### [What is needed]
Retype, without changes or pictures, only the lines that begin at the one containing "Auriculares Bluetooth Xiaomi" and end at the last line of the records that follow.

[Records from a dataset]
============================================================

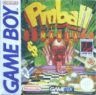 Pinball Mania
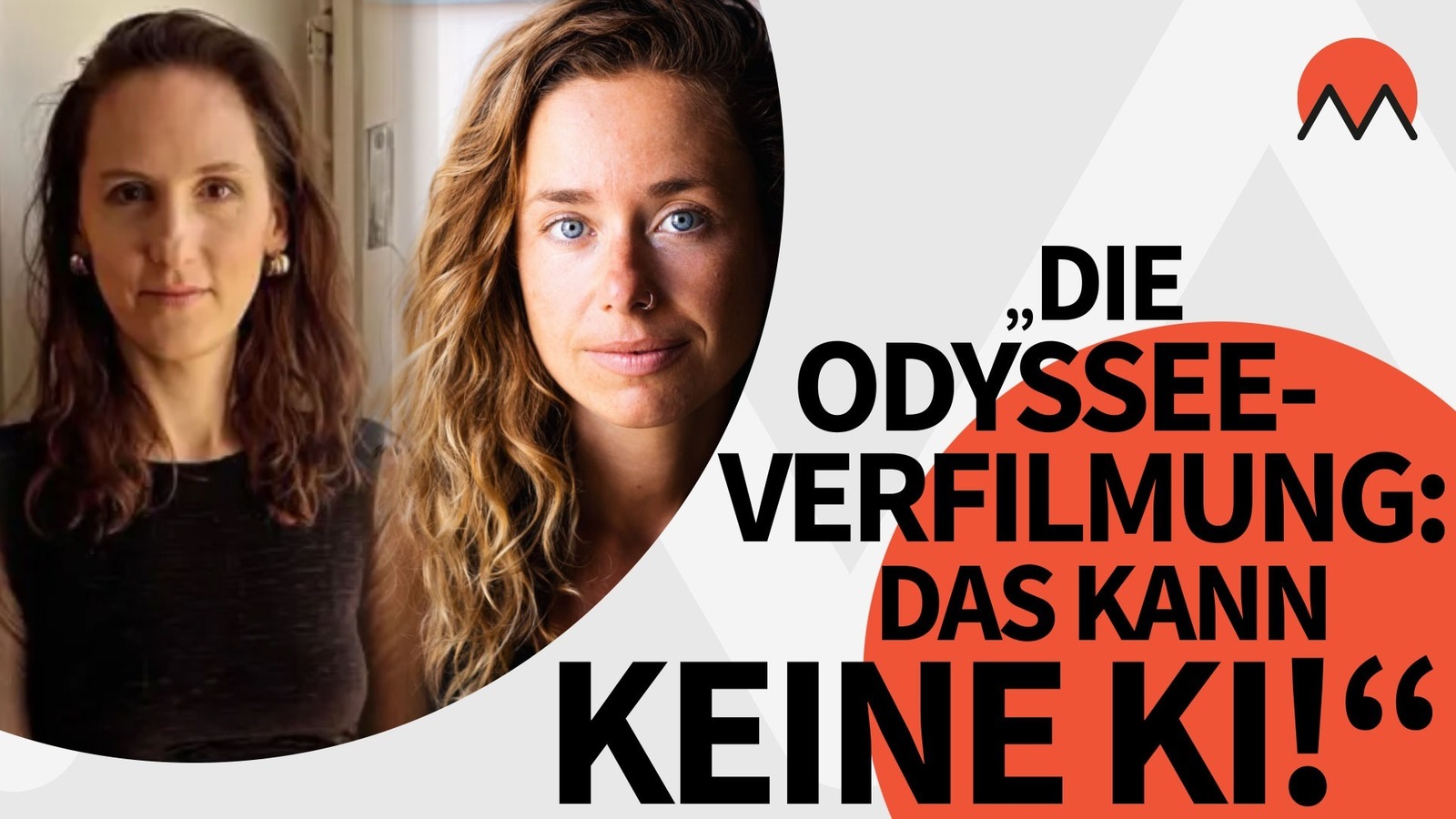 Die Odyssee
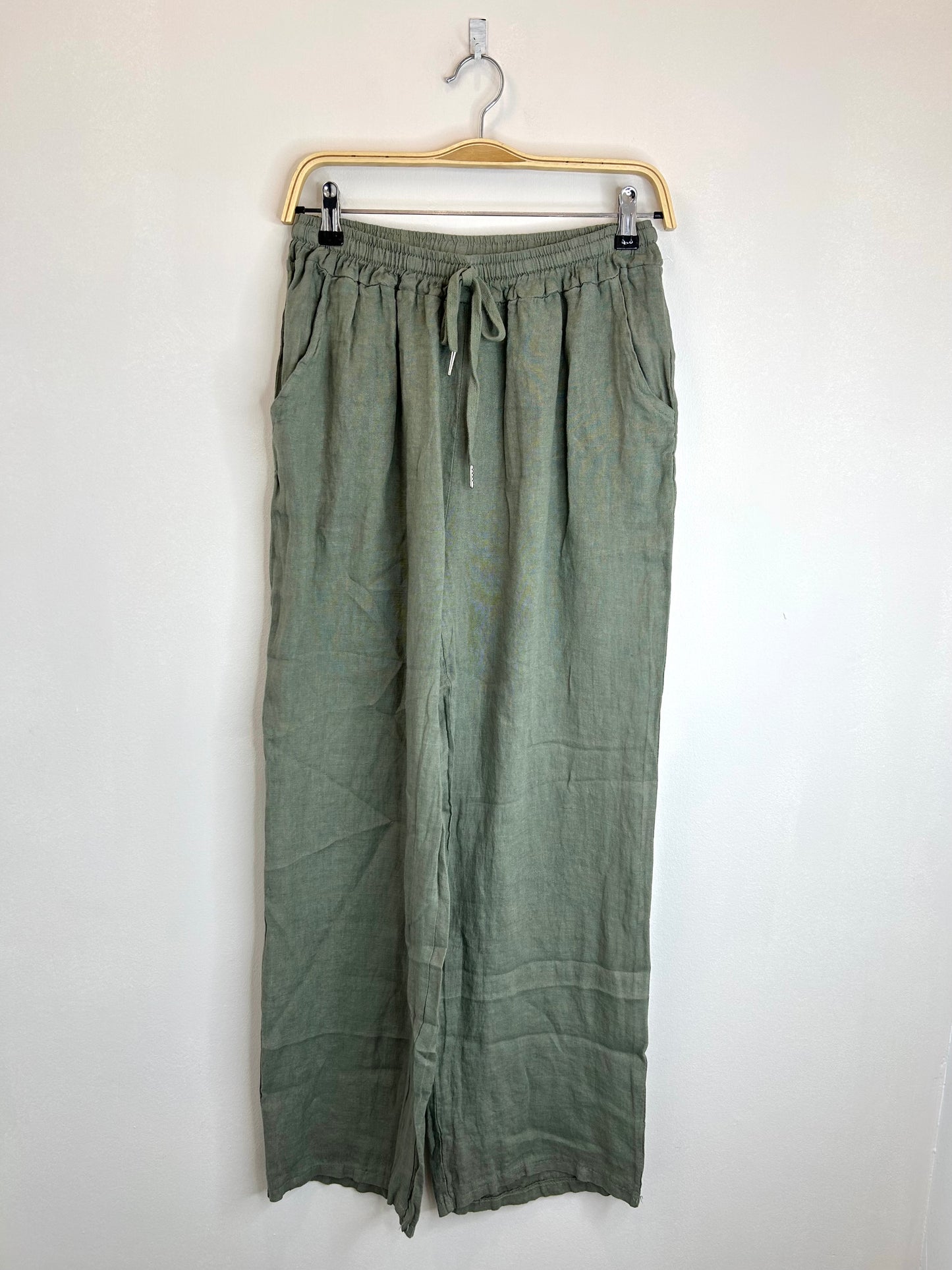 Pantalón Dinamarca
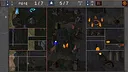 SwapPics: Knights vs Demons Demo Screenshot 4
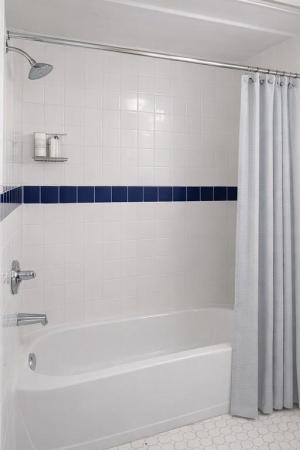 Indian River Estates, 5512 Buchanan Dr, Fort Pierce, Florida 34982, image 1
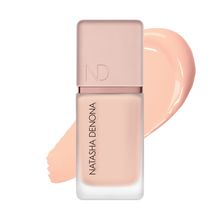 Natasha Denona Hy-Glam Foundation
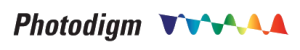 Soylent logo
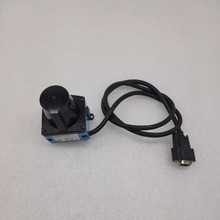 SICK  TiM150-3010300 1093243ȫԭb x hr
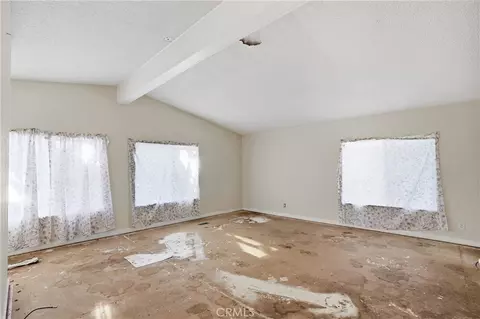 344 Callisto Ln, Nipomo, CA 93444 photo 3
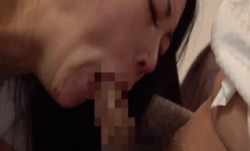APNS-166妻は元同僚たちの共同性処理玩具幸せな生活を壊し始めた、清楚な妻の中に刻第官网01集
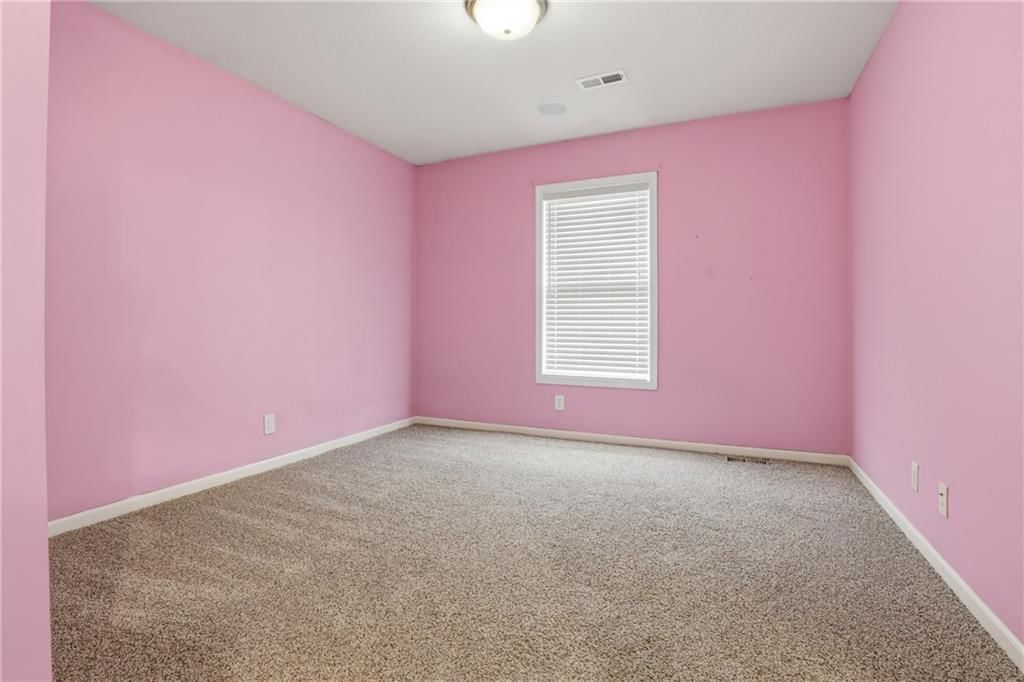 11104 Augusta Drive — photo 38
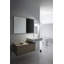 Val 23.62'' L Bathroom Sink-27159277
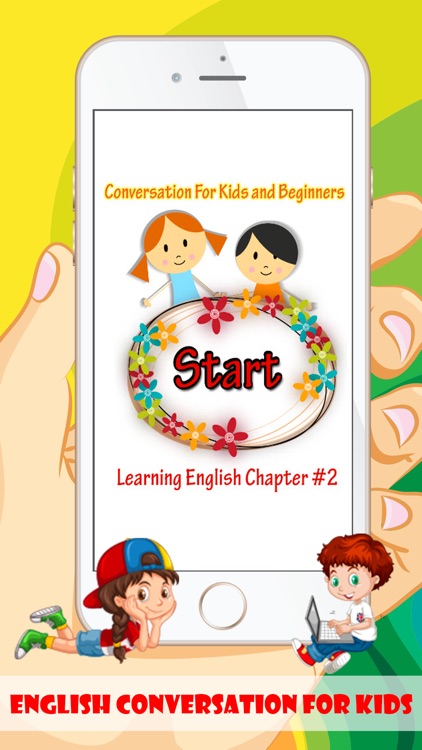 Daily list of vocabulary word conversation english screenshot-4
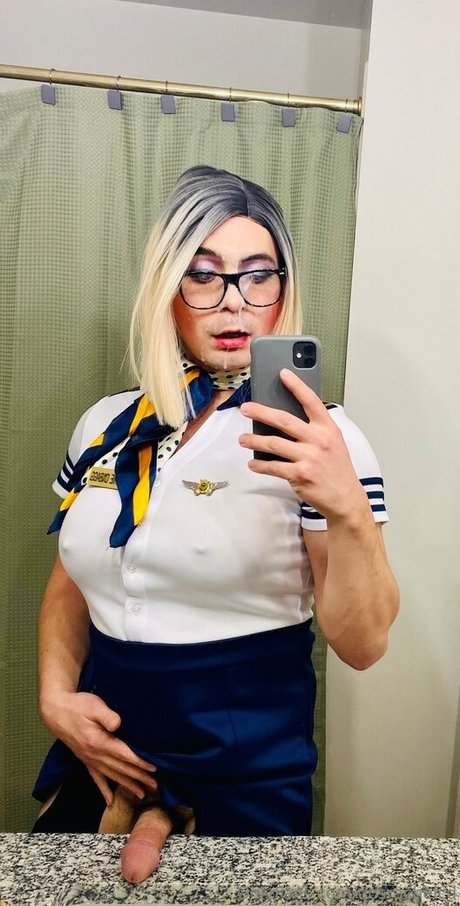 qosrachelcd free actress gallery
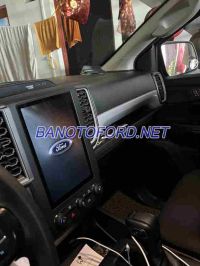 Ford Ranger XLS 2.0L 4x2 AT 2023 Số tự động cực đẹp!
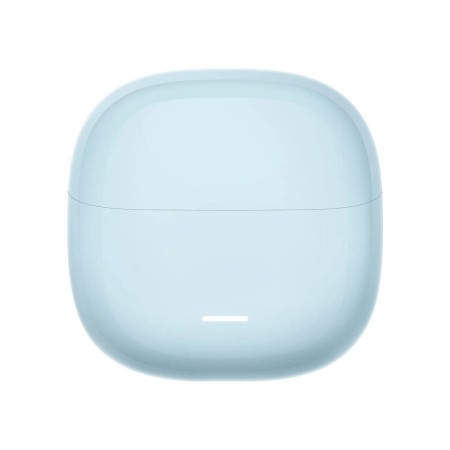 Auriculares Bluetooth Xiaomi Redmi Buds 8 Lite con estuche de carga/ Autonomía 8h/ Azules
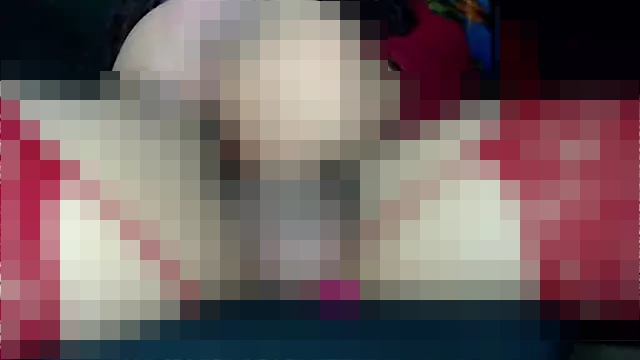 Big_SlutNasty's Webcam Show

============================================================

### [Answer]
 Auriculares Bluetooth Xiaomi Redmi Buds 8 Lite con estuche de carga/ Autonomía 8h/ Azules
 Big_SlutNasty's Webcam Show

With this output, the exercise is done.